Absenteeism: The right of cheeky bastards
by Luis Garicano and Jesús Fernández-Villaverde
One of the most amazing (and unjustifiable) provisions of our dysfunctional regulation of the labor market has become subject to significant change, discussion and finally abandonment in the final version of labor reform legislation (for a general overview of labor reform, have a look at this excellent post by Samuel Bentolila). Prepare to be amazed. The workers' statute, in article 52 (concerning firing of employees) said that "contracts can be terminated" before reform:
d) For missing work, even justified but intermittent, 20% of business days over two consecutive months or 25% over four non-consecutive months within a period of twelve months, given that the total rate of absenteeism of the others at your workplace is greater than 5% over the same period of time.
For the purposes of the previous paragraph, don't count the following as absences: missing work due to a legal strike, excercising legal obligations ((jury duty? -trans.)), work accidents, maternity, risk during pregnancy (?), sickness due to pregnancy, childbirth or breastfeeding, leave and vacation, sickness or non-work related accidents, when the illness have been certified by the official health service and is at greater than twenty consecutive days, nor leave motivated by financial situation or psychological issues due to gender violence certified by the social care services or health services, as appropriate.

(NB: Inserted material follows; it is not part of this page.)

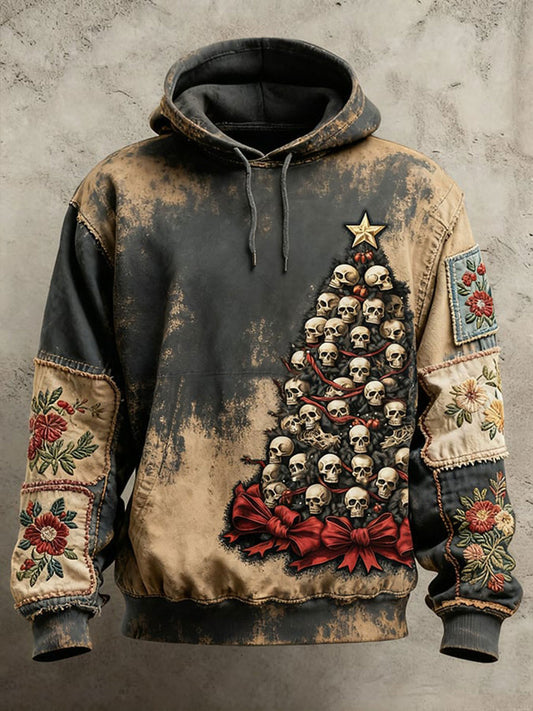 Men's Vintage Christmas Skull Christmas Tree Hoodie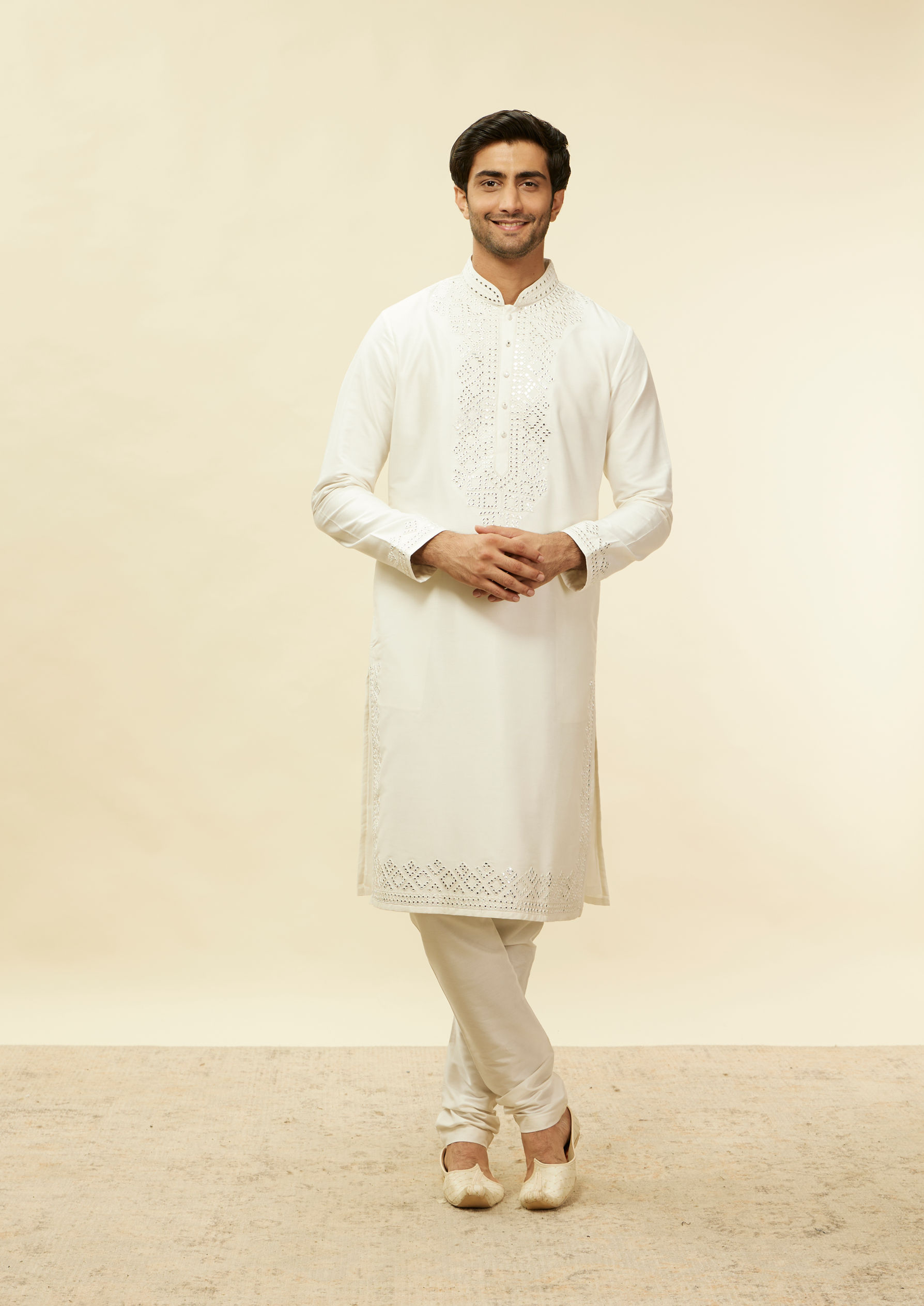Twamev Men Warm White Foil Mirror Kurta Set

This provision is so terrible that I don't have words to describe it. Given the number of logical and sensible exceptions to the definition of absence (sickness, maternity, pregnancy, legal strikes, etc.), it's amazing that one still needs to miss 20% of the working days in two months in order to be fired: it's more or less missing 8 days out of only 60.
But this is not the most incredible thing. What's crazy is the phrase "given that the total rate of absenteeism at the workplace exceeds 5% in the same period of time". Consequently, if we want a good business culture, a culture of compliance, where coworkers are serious and go to work every day, the cheeky bastard who doesn't remains protected as long as the overall rate of absenteeism is too low for them to be fired. Instead of rewarding good business cultures, article 52d punishes them.
A more formal way of seeing this is that the requirement of 5% is the only thing that is, in a game of the Prisoner's Dilemma, reducies the punishment of those that choose the strategy of "no cooperation" or, put another way, gives them an incentive to deviate ((from the nash equilibrium ?)). As Kreps explains well in a classic article, in the world of incomplete contracts and inseperable contingencies, we can't expect a contract to cover all of the obligations that we have. The function of corporate culture (one of the functions, see this Survey by Ben Hermalin for a complete treatment) is to give us a guide to show us what is expected of us when the unexpected happens, and what we should expect from the company. Corporate culture defines what is considered good behavior in each organization, and what is considered deviation. Although there is always an incentive to take advantage (on the part of the company and the employee), captured by the prisoner's dilemma, we know that if we "do the right thing" even though no one can force us to, the company will as well and the game will be in equilibrium.
What is necessary for this to work? Basically, that the incentive to deviate and take advantage - the difference between the value of behaving and not behaving - is the amount I win in the first period and how much I am punished in the future. The lowere the punishment for deviating will be, the more incentive I have to take advantage and break away from the equilibrium.
Consequently article 52 contains a rule that encourages workers to break the good equilibrium -- to move away from the equilibrium in which everyone is doing what they should because it is our job. Reducing the punishment where there is a good work atmosphere increases the incentive to ruin the atomsphere.
Well, in labor reform, the Governor proposed in Congress a small change in this regulation: to decrease the absenteeism limit from 5% to 2.5%. Like many of the changes that have been made in the first revision of 2010, it is a change in the right direction but too weak -- insufficient.
The PNV, in the Senate, took the necessary steps to remove this connection. Well, the Socialist Party has make it incomprehensible in the final version. It still contains the 2.5% limit but it at the end.
Is there some justification for this requirement of 2.5%? What market failure does this clause address? What increase in wellbeing of anyone (except those who don't go to work) follows from it? What right is being defended other than that of people to be cheeky bastards? As much as we think, we can't come up with any justification - be it strange, twisted or empirically irrelevant - for this requirement of 2.5%.